I wrote a Wikipedia scraper in Python last week.
It scrapes French pages, so I must manage UTF-8 encoding to avoid errors. I did this with these lines at the beginning of my script:
#!/usr/bin/python
# -*- coding: utf-8 -*-
I also encode the scraped string like this:
adresse = monuments[1].get_text().encode('utf-8')
My first script worked perfectly fine with Python 2.7, but I rewrote it for Python 3 (especially to use urllib.request) and UTF-8 doesn't work anymore.
I got these errors after scraping the first few elements:
File "scraper_monu_historiques_ge_py3.py", line 19, in <module>
url = urllib.request.urlopen(url_ville).read() # et on ouvre chacune d'entre elles
File "/usr/lib/python3.4/urllib/request.py", line 153, in urlopen
return opener.open(url, data, timeout)
File "/usr/lib/python3.4/urllib/request.py", line 455, in open
response = self._open(req, data)
File "/usr/lib/python3.4/urllib/request.py", line 473, in _open
'_open', req)
File "/usr/lib/python3.4/urllib/request.py", line 433, in _call_chain
result = func(*args)
File "/usr/lib/python3.4/urllib/request.py", line 1217, in https_open
context=self._context, check_hostname=self._check_hostname)
File "/usr/lib/python3.4/urllib/request.py", line 1174, in do_open
h.request(req.get_method(), req.selector, req.data, headers)

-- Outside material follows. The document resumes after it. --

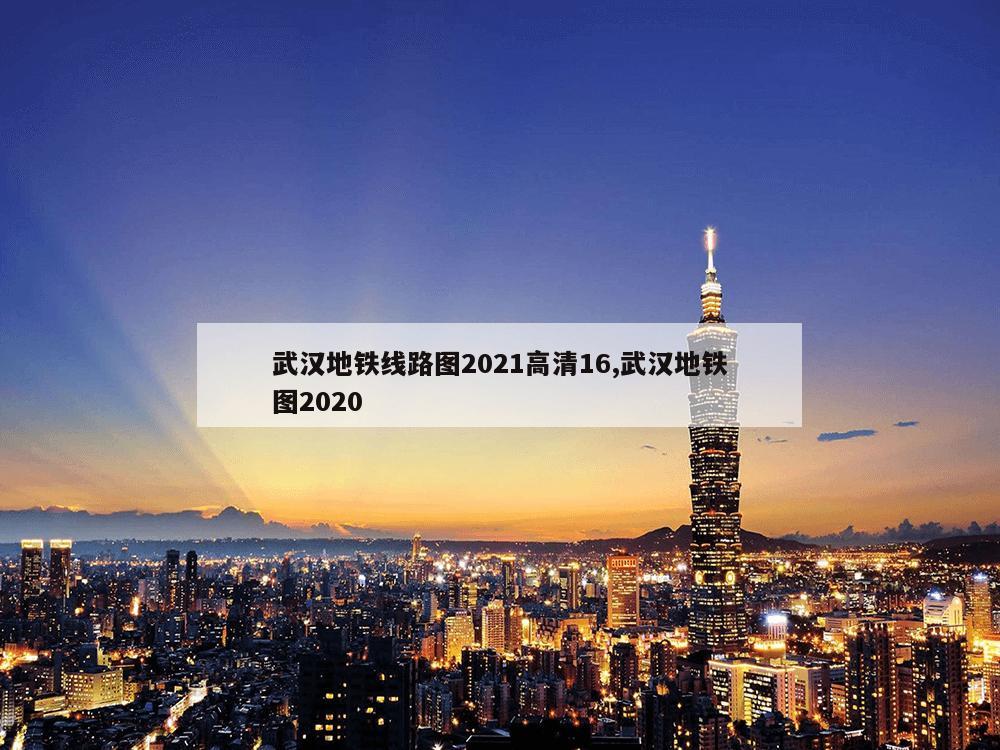 武汉地铁线路图2021高清16,武汉地铁图2020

File "/usr/lib/python3.4/http/client.py", line 1090, in request
self._send_request(method, url, body, headers)
File "/usr/lib/python3.4/http/client.py", line 1118, in _send_request
self.putrequest(method, url, **skips)
File "/usr/lib/python3.4/http/client.py", line 975, in putrequest
self._output(request.encode('ascii'))
UnicodeEncodeError: 'ascii' codec can't encode character '\xe9' in position 58: ordinal not in range(128)
I don't understand why, because it worked fine in Python 2.7... I published a version of this WIP on Github.
You are passing a string which contain non-ASCII characters to urllib.urlopen
, which isn't a valid URI (it is a valid IRI or International Resource Identifier, though).
You need to make the IRI a valid URI before passing it to urlopen
. The specifics of this
depend on which part of the IRI contain non-ASCII characters: the domain part should be encoded using Punycode, while the path should use percent-encoding.
Since your problem is exclusively due to the path containing Unicode characters, assuming your IRI is stored in the variable iri
, you can fix it using the following:
import urllib.parse
import urllib.request
split_url = list(urllib.parse.urlsplit(iri))
split_url[2] = urllib.parse.quote(split_url[2]) # the third component is the path of the URL/IRI
url = urllib.parse.urlunsplit(split_url)
urllib.request.urlopen(url).read()
However, if you can avoid urllib
and have the option of using the requests
library instead, I would recommend doing so. The library is easier to use and has automatic IRI handling.